今年は、1872(明治4)年に、日本で初めて新橋―横浜間に鉄道が開業してから、150年という節目です。もはや鉄道は生活を支える空気のような存在になっています。それゆえ、貴重な存在にもかかわらず、価値があまり知られていないかもしれません。
例えば、新幹線。出張や旅行で当たり前のように使っていますが、実は、新幹線が「世界の鉄道史を変えた」といっても過言ではありません。
新幹線は1964(昭和39)年、前回の東京五輪の年に開業しました。当時、欧米は自動車の時代です。モータリゼーションという言葉が席巻し、鉄道輸送は時代遅れになりつつありました。

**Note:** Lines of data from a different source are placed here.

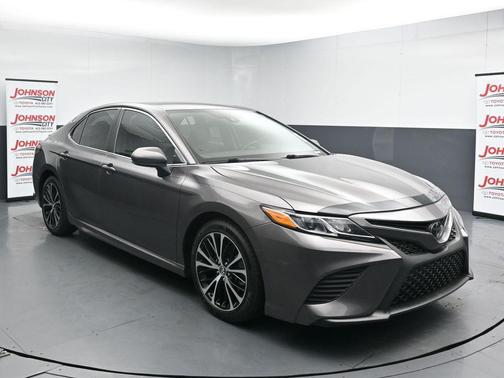 Predawn Gray Mica 2019 Toyota Camry SE
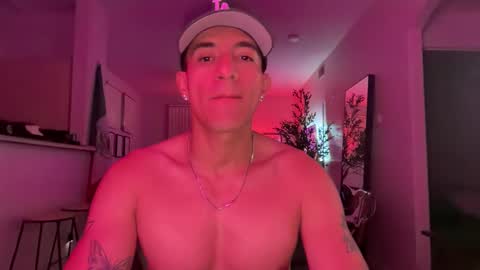 vaderpapi19 online show from February 3, 8:18 am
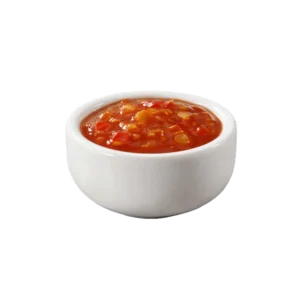 porcija ljutog paradajz sosa spicy tomato salsa u maloj posudi.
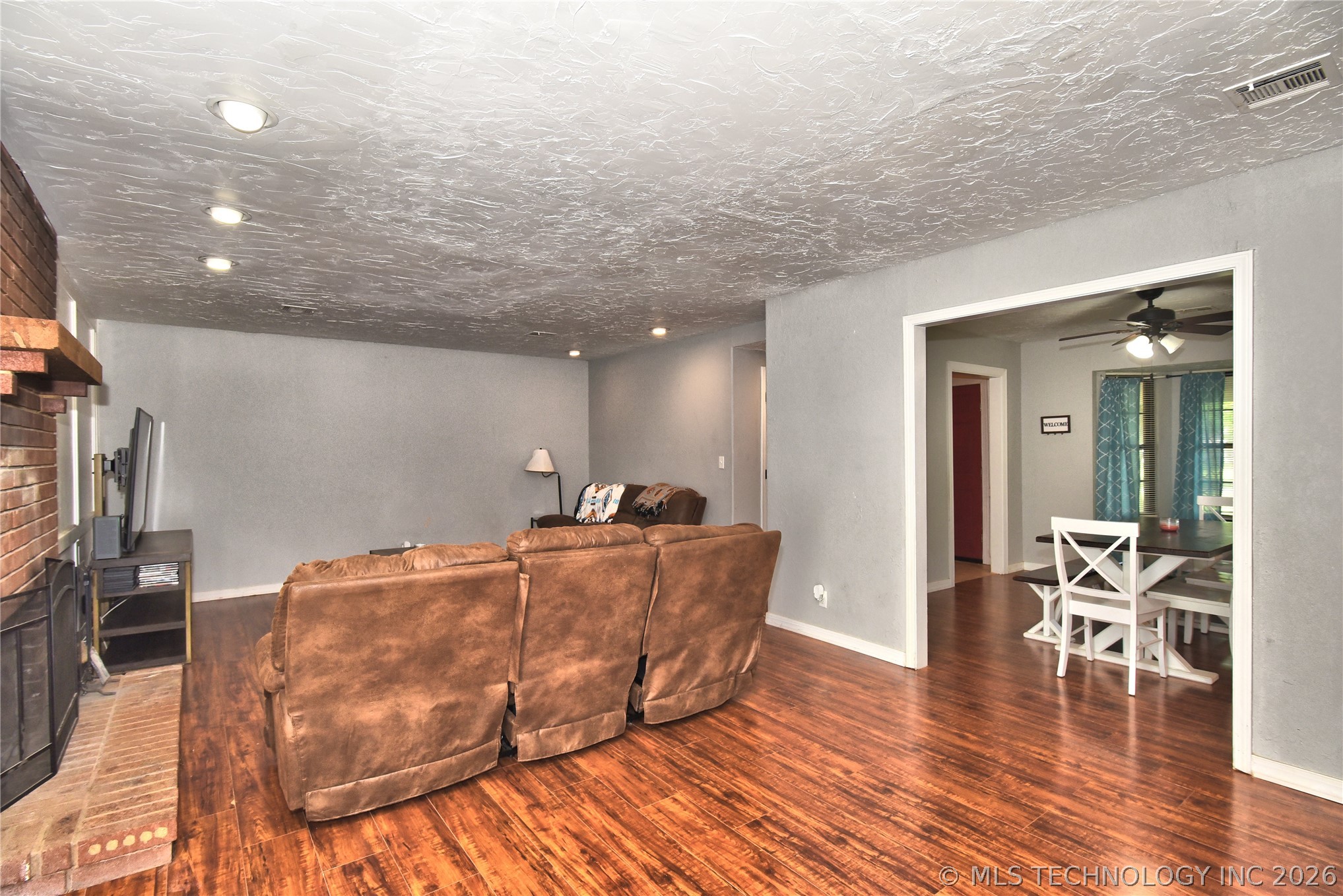 610 S L Avenue Oilton OK 74052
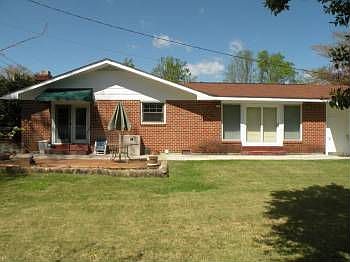3rd image of 4210 Forest Plaza Dr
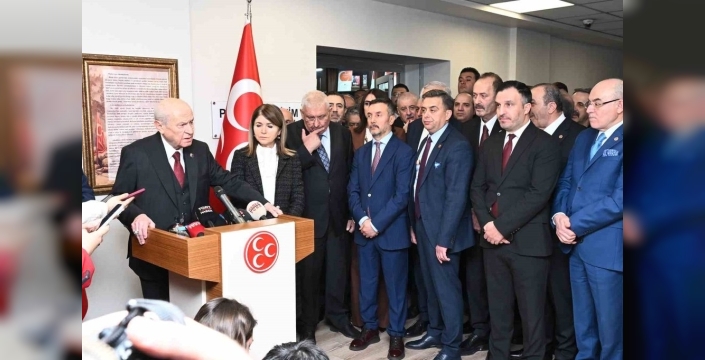 Bahçeli duyurdu: İzzet Bey akademik kariyer için ayrılıyor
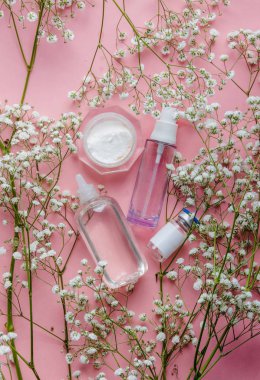 Gypsophila paniculata çiçek ve krema ile şişe 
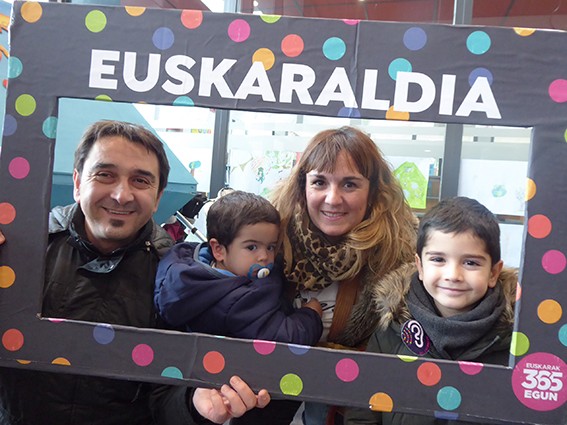Euskaraldian parte hartzen ez badute ere, zeresana dutelako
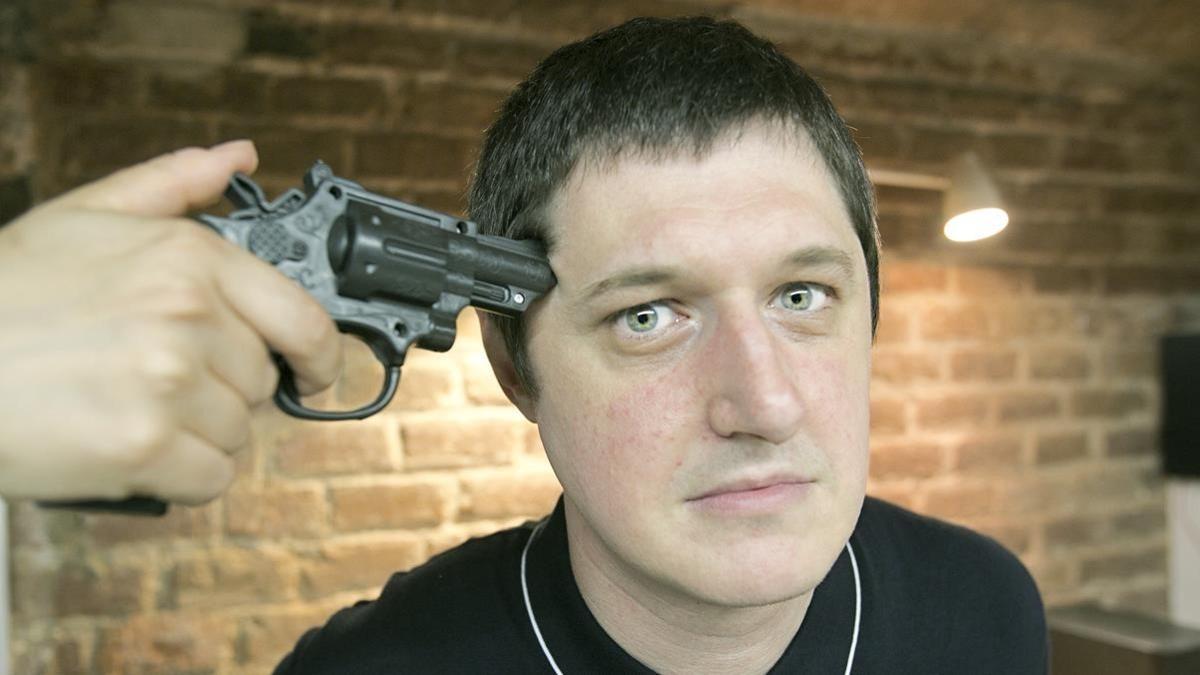 Alberto Valle (Pascual Ulpiano), durante la presentación de su libro.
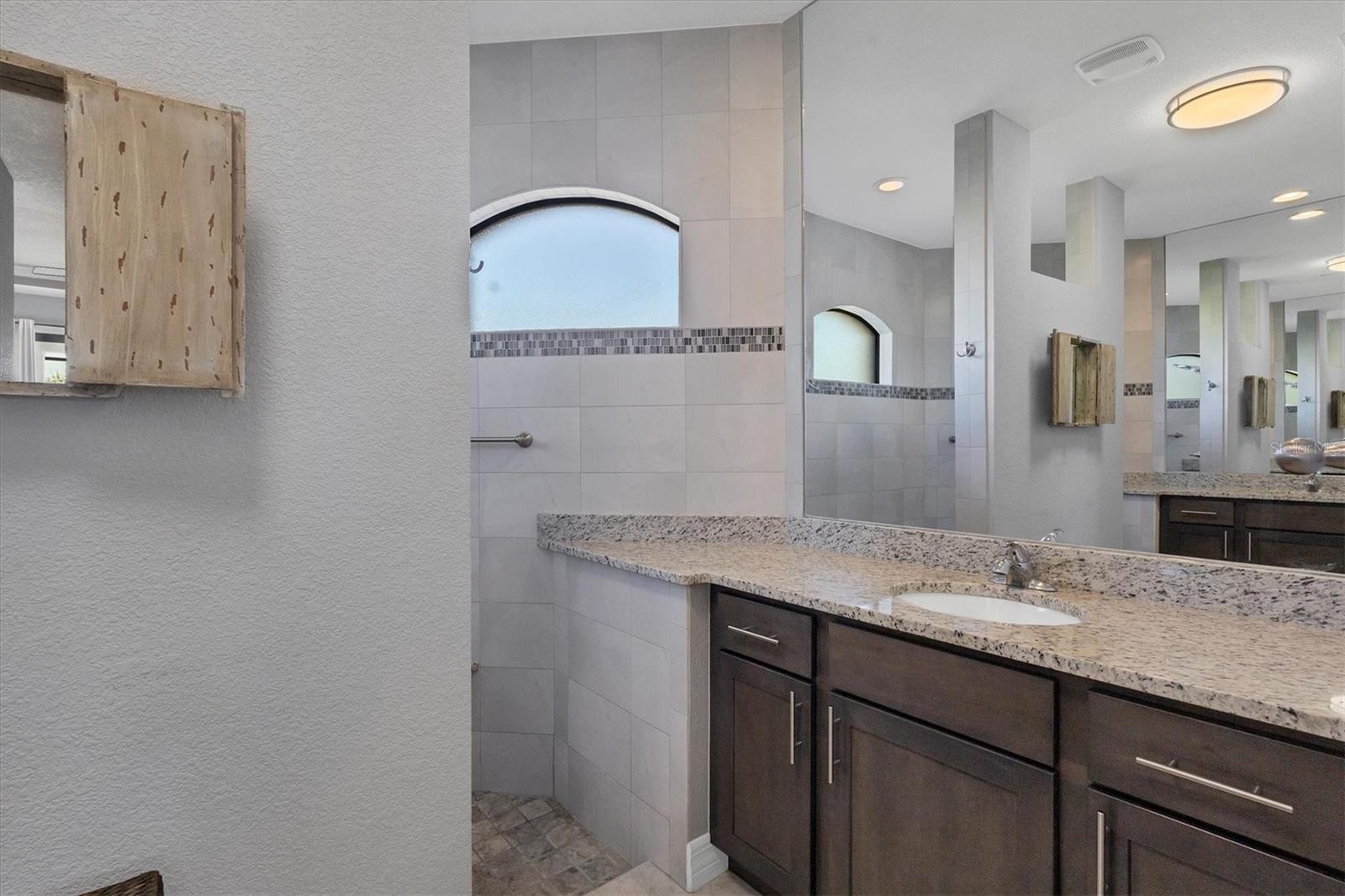 15336 LAKELAND CIR, PORT CHARLOTTE, FL, 33981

そんな時に、極東の島国が世界初の時速200キロ超で走る高速鉄道をスタートさせたのです。その利便性、速達性は、鉄道輸送の可能性を世界に発信するものでした。
その後、10年もたたずに世界は石油ショックに見舞われ、省エネの観点から鉄道輸送が見直されました。
フランスのTGVや、英国のHST、ドイツのICEなど、時速200キロ以上で都市間を結ぶ高速鉄道が次々と実用化されました。スペインAVE、英仏海峡トンネルを利用したユーロスター、韓国のKTX、日本の新幹線技術を導入した台湾新幹線…。